TASK INSTRUCTIONS » Print exactly the lines from the one containing "LDR is used" through the last line of the entries below; the pictures stay out of the copy.

------------

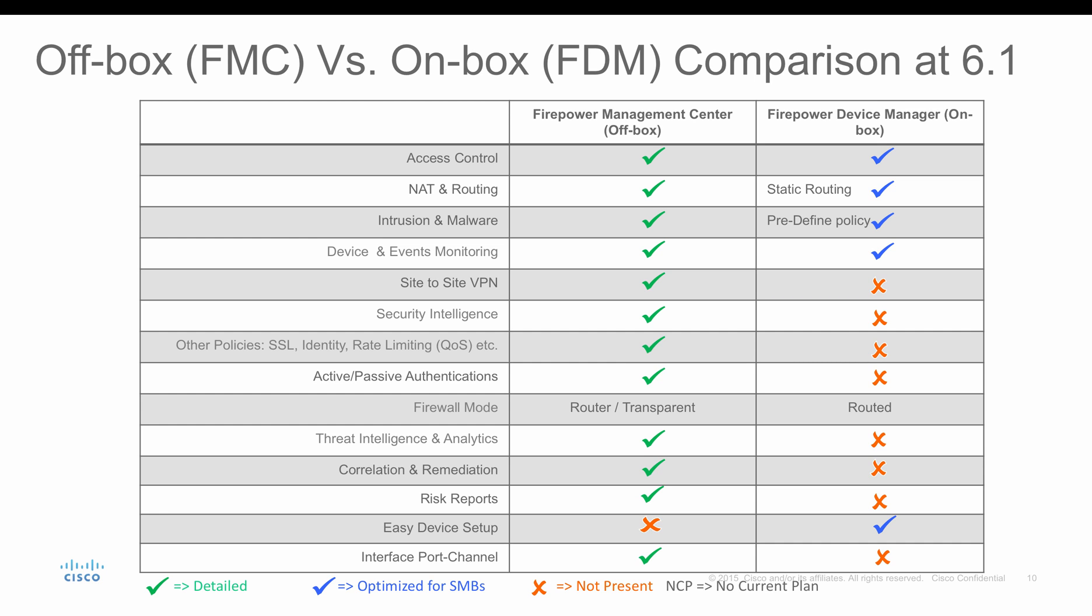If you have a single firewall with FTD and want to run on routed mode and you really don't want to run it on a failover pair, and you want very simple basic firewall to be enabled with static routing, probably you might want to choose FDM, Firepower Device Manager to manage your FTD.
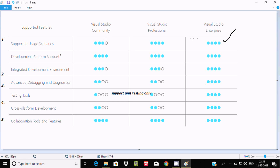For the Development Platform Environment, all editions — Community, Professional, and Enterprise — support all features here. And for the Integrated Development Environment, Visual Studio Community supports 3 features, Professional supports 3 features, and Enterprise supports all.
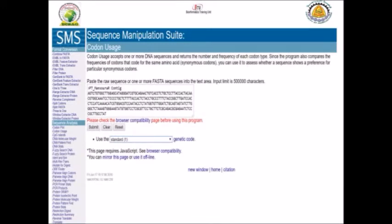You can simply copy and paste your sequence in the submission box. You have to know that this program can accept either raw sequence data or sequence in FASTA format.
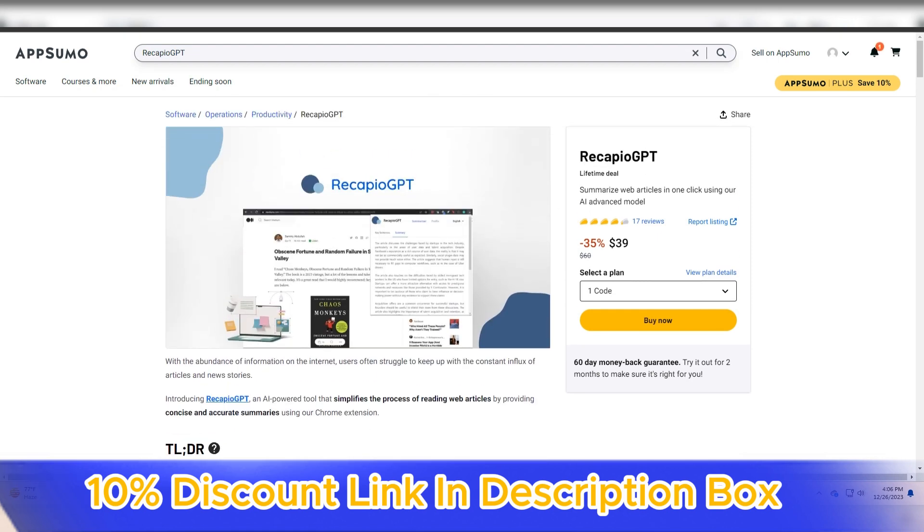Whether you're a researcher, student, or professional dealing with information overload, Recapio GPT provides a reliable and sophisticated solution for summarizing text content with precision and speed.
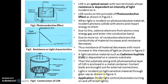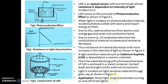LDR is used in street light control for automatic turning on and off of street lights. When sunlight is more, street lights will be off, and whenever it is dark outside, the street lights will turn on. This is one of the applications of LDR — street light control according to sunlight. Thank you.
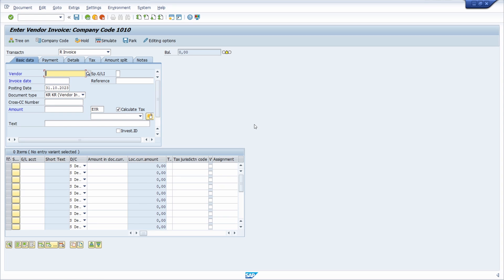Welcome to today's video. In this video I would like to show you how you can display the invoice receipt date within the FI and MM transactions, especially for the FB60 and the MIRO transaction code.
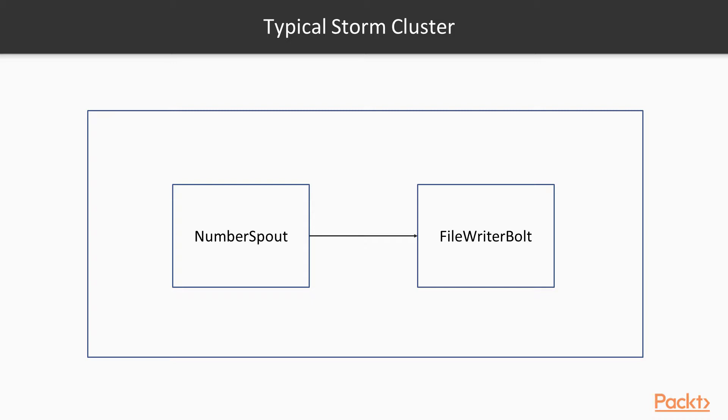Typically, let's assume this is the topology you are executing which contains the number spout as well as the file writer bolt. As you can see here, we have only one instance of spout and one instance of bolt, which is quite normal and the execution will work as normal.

------------

PROBLEM SOLUTION »
LDR is used in street light control for automatic turning on and off of street lights. When sunlight is more, street lights will be off, and whenever it is dark outside, the street lights will turn on. This is one of the applications of LDR — street light control according to sunlight. Thank you.
Welcome to today's video. In this video I would like to show you how you can display the invoice receipt date within the FI and MM transactions, especially for the FB60 and the MIRO transaction code.
Typically, let's assume this is the topology you are executing which contains the number spout as well as the file writer bolt. As you can see here, we have only one instance of spout and one instance of bolt, which is quite normal and the execution will work as normal.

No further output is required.